Q - Southern BBQ Joint

History of Barbeque

Lesson #1 – Barbeque is NOT a noun

Man eating ribsBarbeque belongs to the South. The fine folks who live in these 13 states (from Texas to the Atlantic Coast and from Kentucky to Florida) have earned the right to declare their region “The Barbeque Belt.” Barbeque’s as much a part of the southern culture as NASCAR and Bluegrass. In fact, these are the only sensible folks who realize that “a barbeque” ain’t a shiny metal thing you buy at Home Hardware to stick on yer back deck and use fer cookin’ weenies and frozen patties in the summertime. (That’d be a GRILL and there’s a big difference folks.) An honest-to-goodness BARBEQUE is a celebration that centres around great food. Real barbeque takes patience but as sure as a pig says oink, we can tell you – it’s worth the wait. Way back when, (or during “pre-colonization” if you want to get fancy about it) every farm had about as many pigs as a Southern Belle has fake – uh, eyelashes. And where there was a reason to celebrate (weddings, births, barn-raisings) there was a pig on a spit. And the party-throwers, they’d invite everyone they knew to come and enjoy the feast. While everyone gathered around the pig on the spit and breathed in the delicious aroma, songs were sung, stories were told and everyone had time for a little merriment before they went back to the general miseries of pre-colonial life. And thus, the idea behind the backyard barbeque was born!

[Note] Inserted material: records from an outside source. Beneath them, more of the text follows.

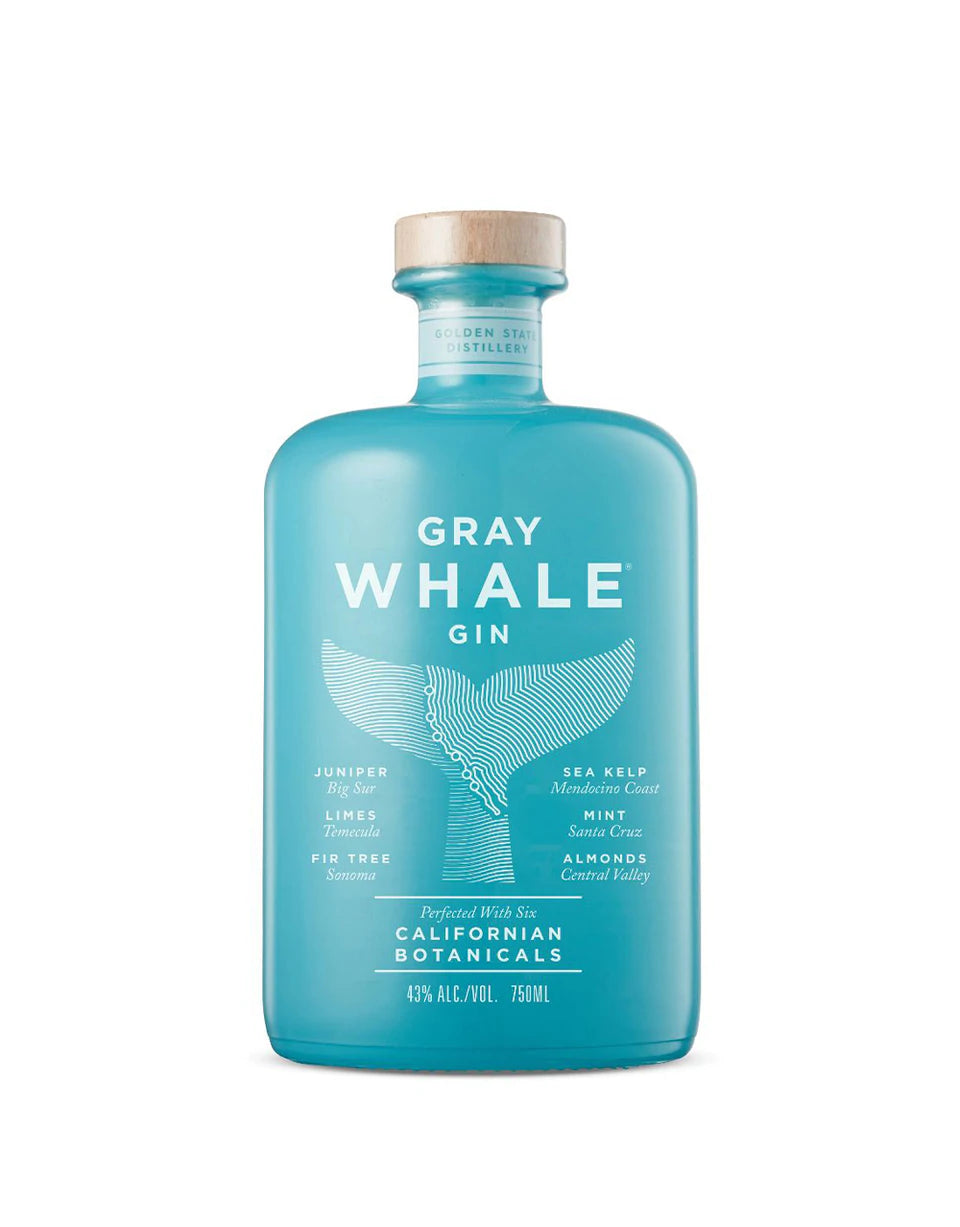 Gray Whale Gin bottle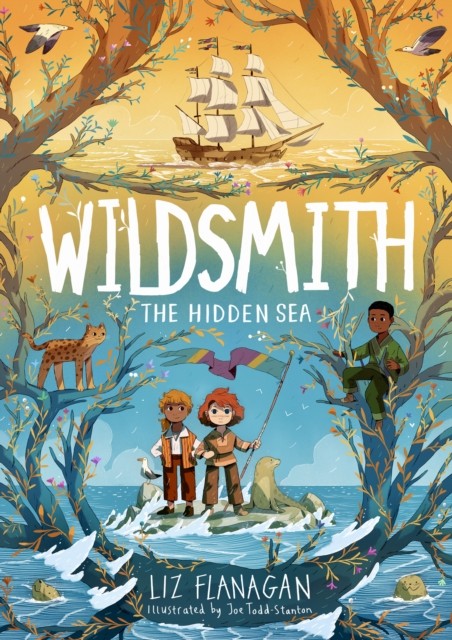 The Hidden Sea The Wildsmith #3 by Liz Flanagan (Paperback Book)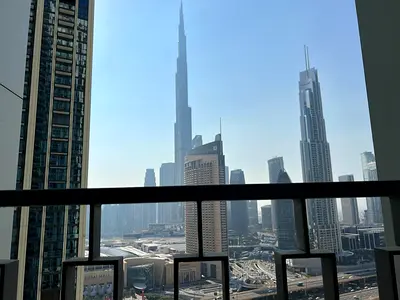 Burj View | Spacious 1BR | Balcony | Business Bay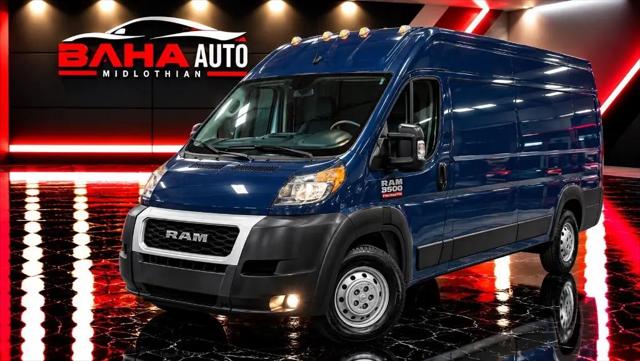 2022 Ram ProMaster Cargo Van High Roof 159 WB EXT for sale in Midlothian, IL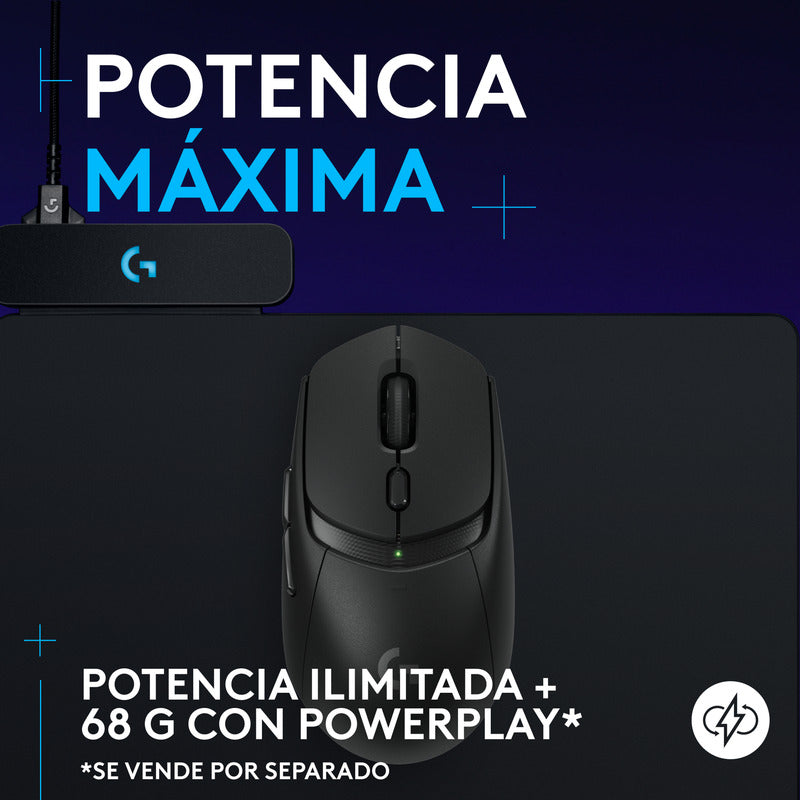 Mouse Gamer Bluetooth Logitech G309 Lightspeed 25600dpi, Blk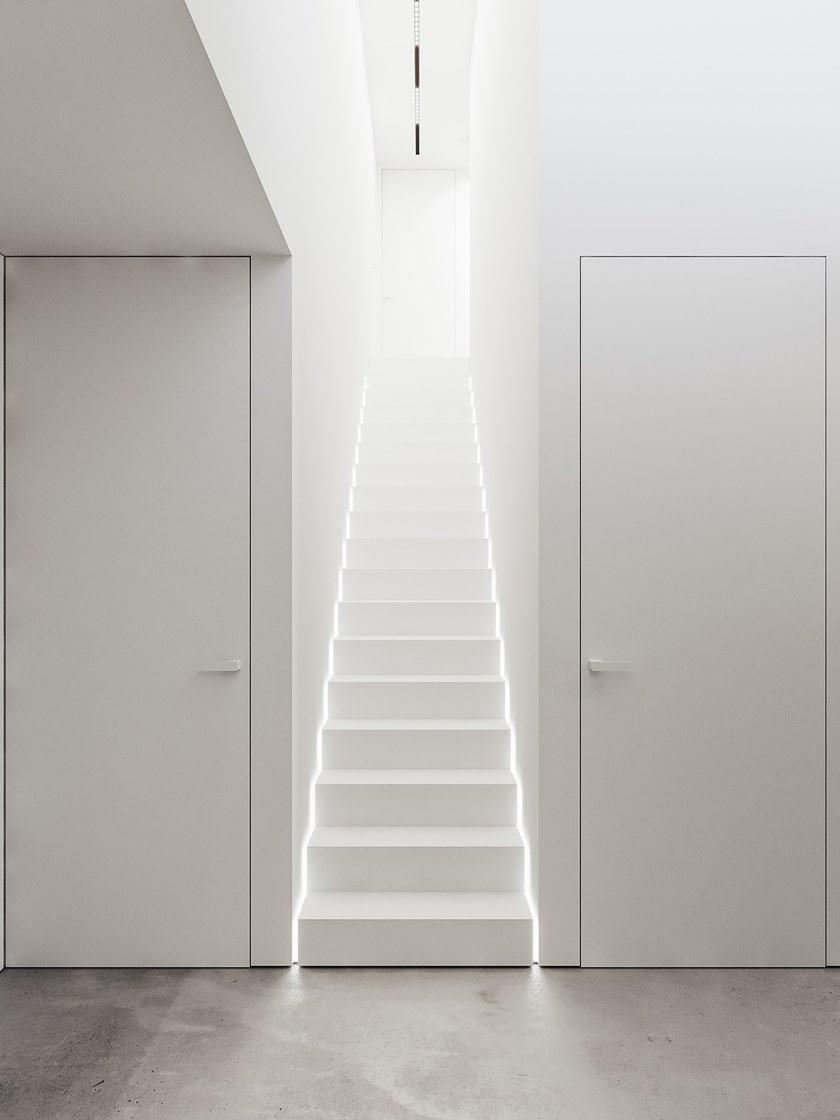 ZonaUno Распашная дверь заподлицо со стеной со скрытыми петлями sun-id-1439037 - Вид №1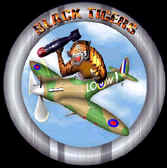 The Black Tiger Squadron Logo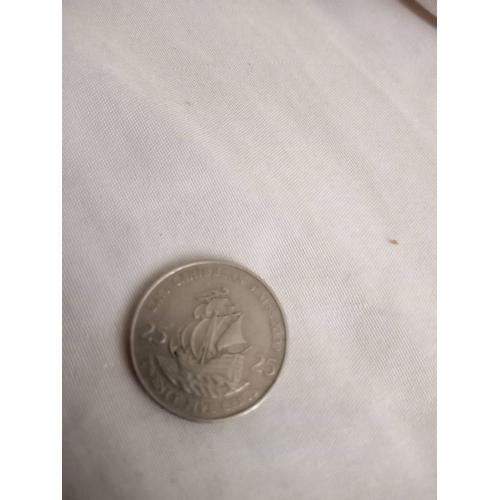 Monnaie 25 Cents East Caribbean States 2002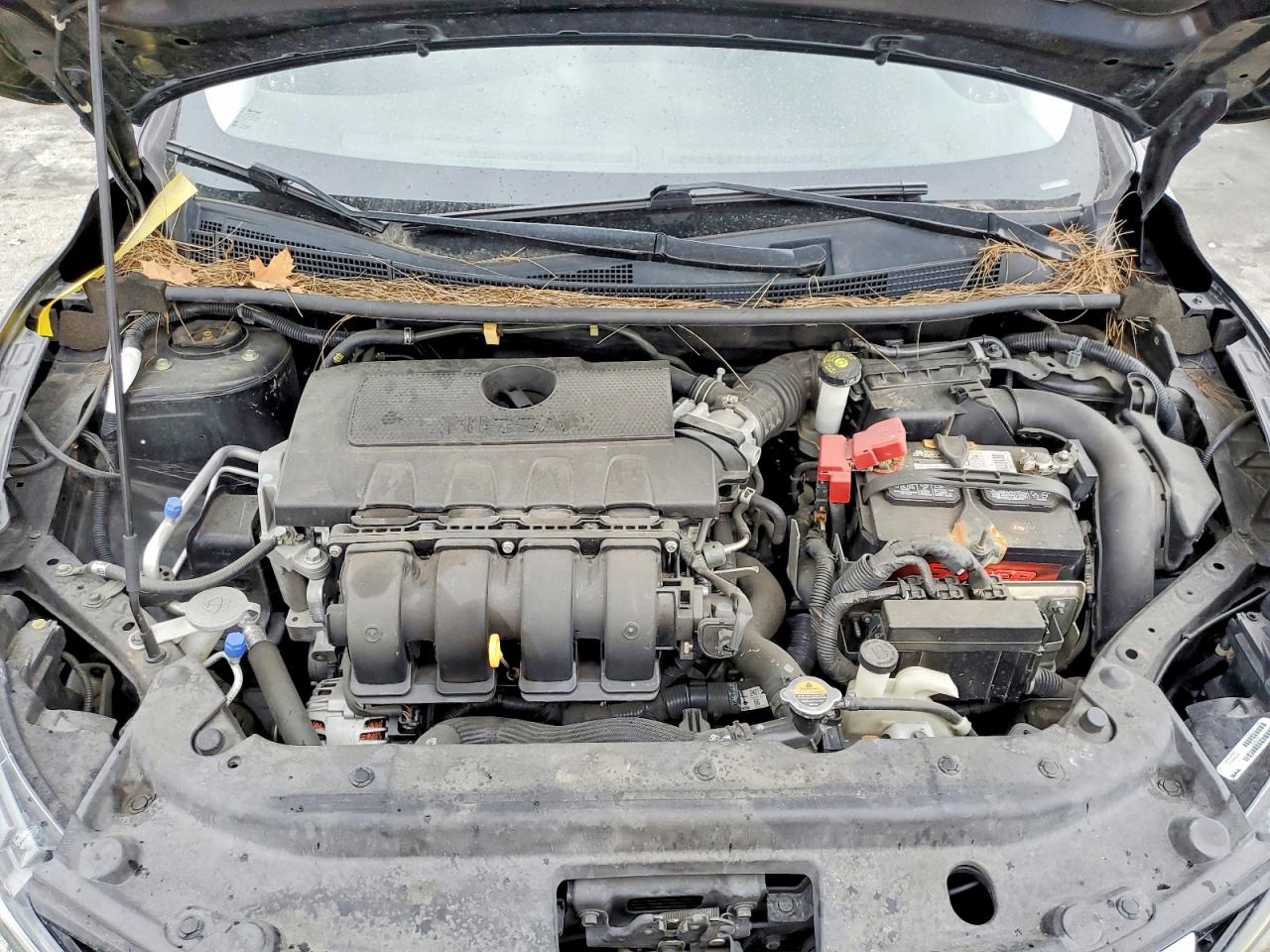 2017 NISSAN SENTRA photo 11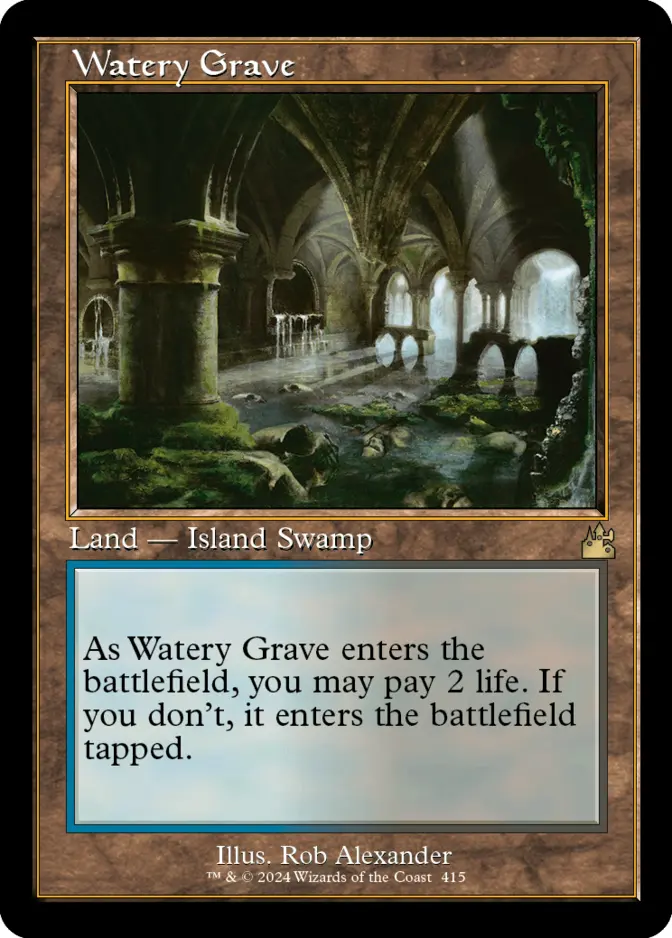 Watery Grave <retro> [RVR]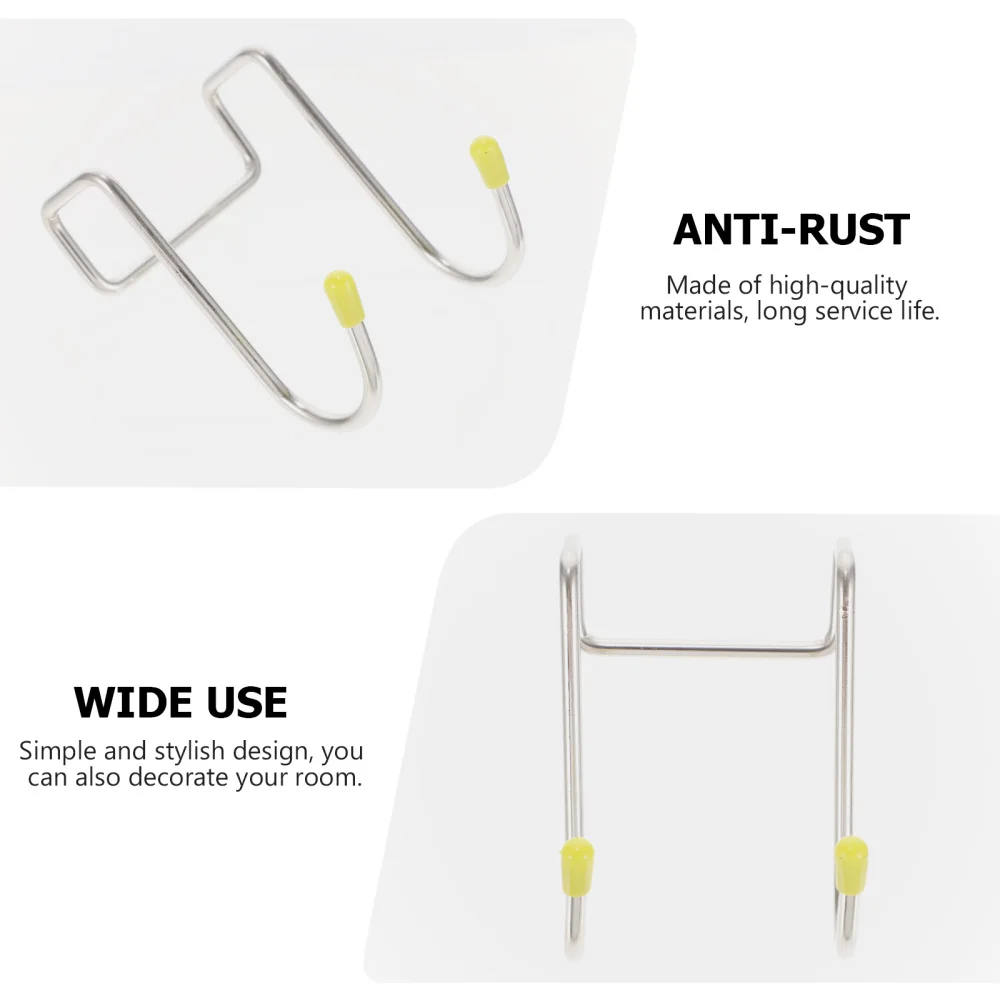 12pcs S-type Door Hanger Hook Wall Mounted Coat Hooks Wall Door Hook Organizer
12pcs S-type Door Hanger Hook Wall Mounted Coat Hooks Wall Door Hook Organizer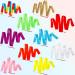 Deekin 30-Piece Dance Ribbons Set - Elegant Style Gymnastics Ribbon Sticks for Kids, 6.6 Feet Twirling Ribbons with Non-Slip Handle - Party Favors and Artistic Performance - Buy Online on GoSupps.com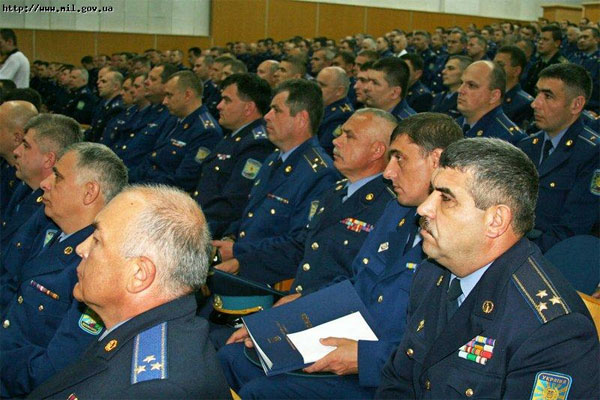 Міністр оборони України у Вінниці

Lesson #2 -The Business of Barbeque...

Around the year of 1900, barbeque restaurants started poppin’ up all over the place. Now these places weren’t pretty. The typical barbeque shack was constructed of a concrete floor, tin roof and tin walls. And that was everything they needed and nothin’ they didn’t. There was no need for a sign on the buildin’ ‘cause the pig on the spit out front said it all. Because a pig on a spit requires a watchful eye, most “pit men,” as they called themselves ran their restaurants only on the weekends when they could step away from life on the farm for more than a moo-cow’s minute. At first, the weekend crowds would sometimes eat in, but most often take out. Then, with Henry Ford’s big invention (that would be the automobile for all you under-a-rock types), the “Sunday Drive” became part of the Sunday ritual. And with the Sunday drive, came a stop at a local restaurant. And after barrelling down the country roads at 25 miles an hour for hours on end, the drivers and their passengers liked to get out and stretch their legs so eating in eventually became the thing to do. That’s when stools and tables were added and these “barbeque joints” became closer to the kind we have at Q.

Lesson #3 - “The secret’s in the sauce"

The one thing that separated the really good barbeque cooks from the run-of-the-mill were their sauces. Folks would come from far and wide to get barbeque from a shack with a really good sauce, even if there was already a shack with just a so-so sauce in their own backyard. (Some things never change.) The ingredients in these crowd-pleasin’ sauces were often well-kept family secrets. And if you let the cat out of the bag on your family’s barbeque sauce secrets, well you’d best start packin’ your Louis Vitton and headin’ for the door. East coast cooks used more vinegar in their sauce and those in the central southern states liked a sauce with plenty o’ sweet tomato tang and the Texans, well they liked the kind of heat in their sauce that only a small but mighty little pepper called the jalapeno could bring. The ability to incorporate just the right mix of sweetness and tang was considered a true talent. Even today, there remains a mysterious science surrounding the sauce – and it’s not only about getting the flavours right but also what the sauce does to the meat itself. In Colonial days when times were tough and the settlers had to round up the pigs they had previously released into the wild they for din-din, only the right sauce could tenderize the otherwise stringy meat of these semi-wild hogs. The same was true for all those handsome traveling cowboys whose pretty faces didn’t always guarantee them the most tender cut of meat – the right sauce and the right amount of time over the coals could take a tough, old slab o’meat from edible to positively succulent.